= Given material =
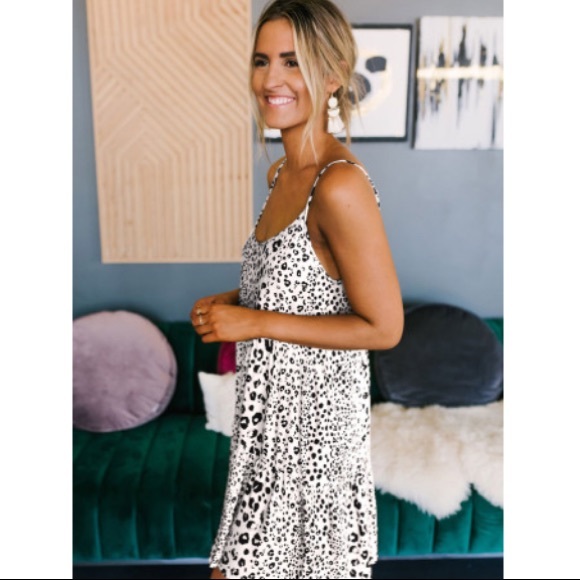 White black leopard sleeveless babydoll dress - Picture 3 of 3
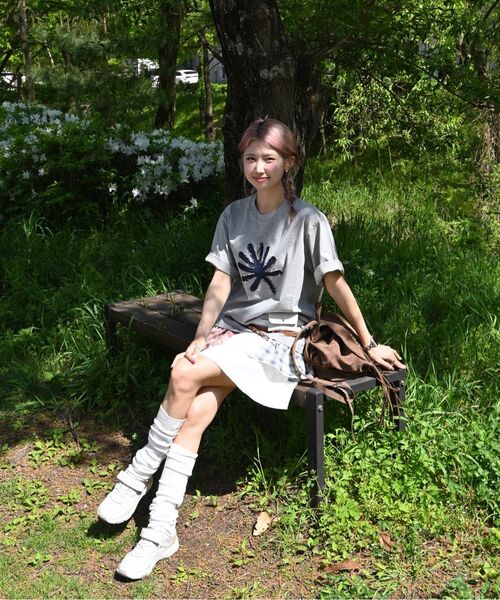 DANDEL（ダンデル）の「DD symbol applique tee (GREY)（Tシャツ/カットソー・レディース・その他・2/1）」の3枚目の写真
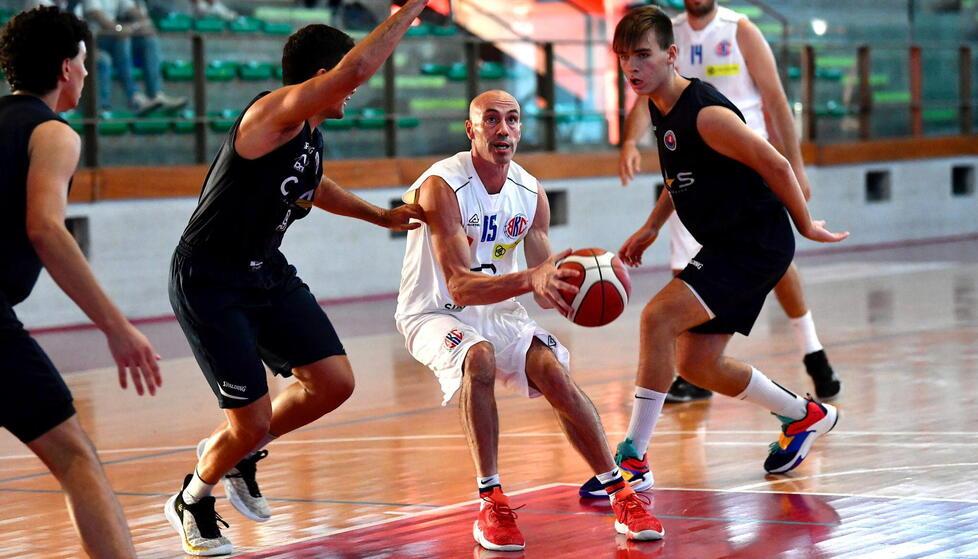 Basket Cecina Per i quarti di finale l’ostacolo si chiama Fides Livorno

= Work item =
Return the data exactly. Do not carry over any images.

= Solution below =
 White black leopard sleeveless babydoll dress - Picture 3 of 3
 DANDEL（ダンデル）の「DD symbol applique tee (GREY)（Tシャツ/カットソー・レディース・その他・2/1）」の3枚目の写真
 Basket Cecina Per i quarti di finale l’ostacolo si chiama Fides Livorno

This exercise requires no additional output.